On Sat, Jul 09, 2016 at 07:17:59PM -0400, Andrei Alexandrescu via Digitalmars-d wrote:
> On 07/09/2016 06:36 PM, Timon Gehr wrote:
> > Undefined behaviour means the language semantics don't define a
> > successor state for a computation that has not terminated. Do you
> > agree with that definition? If not, what /is/ UB in D, and why is it
> > called UB?
> 
> Yah, I was joking with Walter that effectively the moment you define
> undefined behavior it's not undefined any longer :o). It happens to
> the best of us. I think we're all aligned here.
> 
> There's some interesting interaction here. Consider:
> 
> int fun(int x)
> {
>     int[10] y;
>     ...
>     return ++y[9 >> x];
> }
> 
> Now, under the "shift by negative numbers is undefined" rule, the
> compiler is free to eliminate the bounds check from the indexing
> because it's always within bounds for all defined programs. If it
> isn't, memory corruption may ensue. However, if the compiler says
> "shift by negative numbers is implementation-specified", the the
> compiler cannot portably eliminate the bounds check.

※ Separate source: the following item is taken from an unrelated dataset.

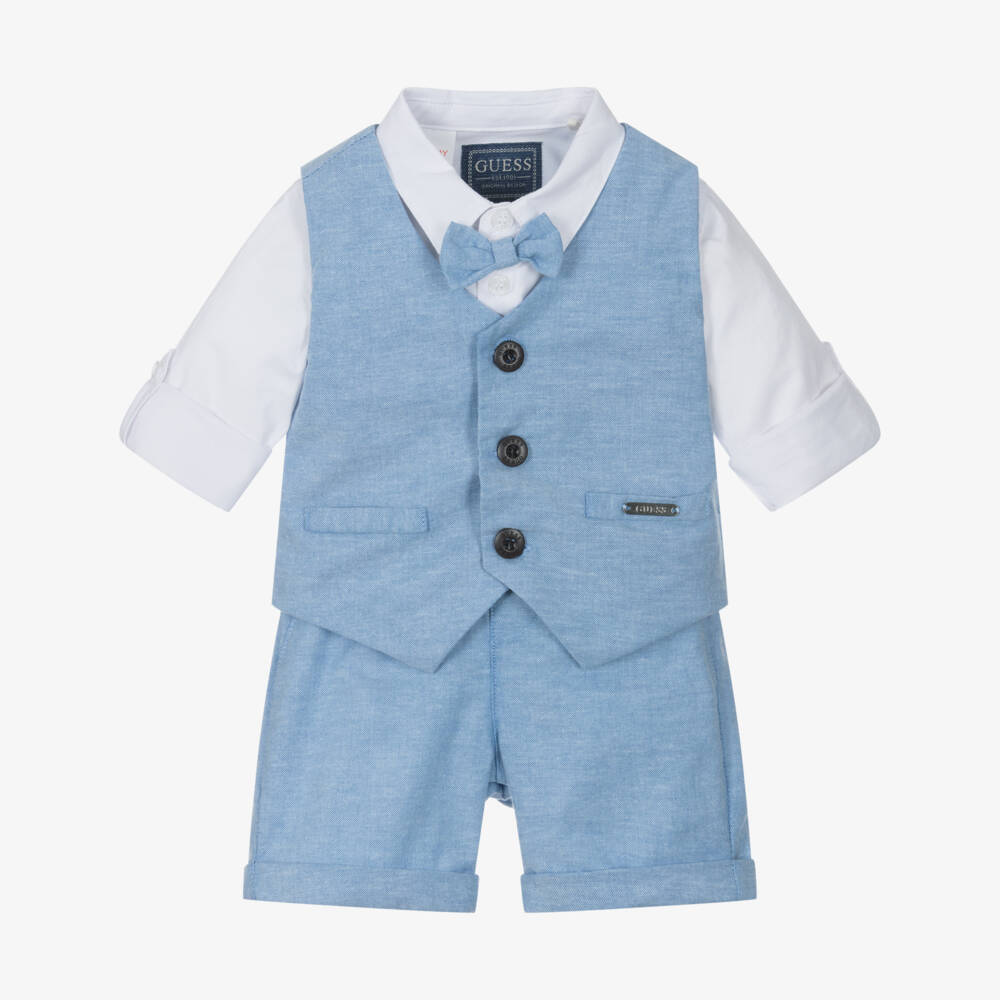 Guess-Boys Blue Cotton Vest Ensemble | Childrensalon Outlet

I find this rather disturbing, actually.  There is a fine line between
taking advantage of assert's to elide stuff that the programmer promises
will not happen, and eliding something that's defined to be UB and
thereby resulting in memory corruption.

In the above example, I'd be OK with the compiler eliding the bounds
check if there an assert(x >= 0) either in the function body or in the
in-contract.  Having the compiler elide the bounds check without any
assert or any other indication that the programmer has made assurances
that UB won't occur is very scary to me, as plain ole carelessness can
easily lead to exploitable security holes.  I hope D doesn't become an
example of this kind of security hole.

At the very least, I'd expect the compiler to warn that the function
argument may cause UB, and suggest that an in-contract or assert be
added.

On a more technical note, I think eliding the bounds check on the
grounds that shifting by negative x is UB is based on a fallacy. Eliding
a bounds check should only be done when the compiler has the assurance
that the bounds check is not needed. Just because a particular construct
is UB does not meet this condition, because, being UB, there is no way
to tell if the bounds check is needed or not, therefore the correct
behaviour IMO is to leave the bounds check in. The elision should only
happen if the compiler is assured that it's actually not needed.

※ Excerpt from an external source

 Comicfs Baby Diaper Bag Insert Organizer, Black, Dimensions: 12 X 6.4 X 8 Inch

To elide simply because negative x is UB basically amounts to saying
"the programmer ought to know better than writing UB code, so therefore
let's just assume that the programmer never makes a mistake and barge
ahead fearlessly FTW!". We all know where blind trust in programmer
reliability leads: security holes galore because humans make mistakes.
Assuming humans don't make mistakes, which is what this kind of
exploitation of UB essentially boils down to, leads to madness.

> It's a nice example illustrating how things that seem to have nothing
> with memory corruption do effect it.
[...]

T

-- 
Stop staring at me like that! It's offens... no, you'll hurt your eyes!